Le 21septembre par humanité et par instruction ministérielle elle revient à la prison de Provins.
Le 19 octobre 1885 elle rentre à l’hôtel Dieu sis rue Saint Thibaud, elle y accouche d’une fille le 15 décembre, on la nomme Henriette Albertine. Elle prend le nom de son père qui déclare vivre avec sa femme à Chenoise. La morale est sauve, notre prisonnière qui offrait son corps à tout va se déclare mariée et vivant avec son mari. Cela en fait ricaner plus d’un.
Elle réintègre sa cellule le 4 janvier 1886.
Le temps doit lui paraître bien long, en mai elle apprend qu’elle est veuve, le soit disant père de sa fille est décédé à Meaux à l’age de 34 ans ce n’est vraiment pas un äge pour mourir. Au vrai elle est un peu peinée, ce n’était pas un amour passionné car sinon elle aurait peut être adopté une autre manière de vivre.

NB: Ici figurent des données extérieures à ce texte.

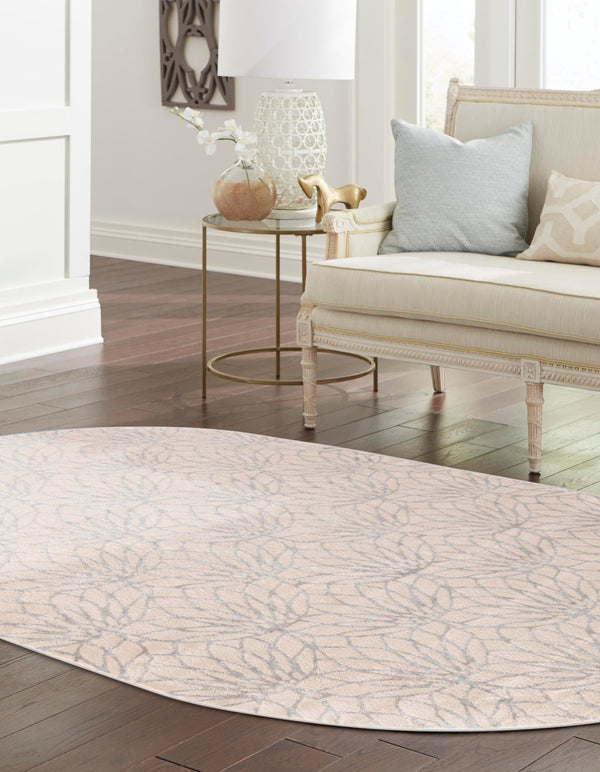 Hollywood Luxe Collection Area Rug - Rodeo Oval White Silver lifestyle 67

A la fin de l’année c’est son père Alphonse qui rend son âme à Dieu, il n’a que 60 ans mais sa vie dure de couvreur, plus les tracas occasionnés par ses filles l’ont prématurément transformé en vieillard. Joséphine devient veuve à 54 ans , la situation devient de plus en plus dure pour elle, elle doit nourrir son dernier.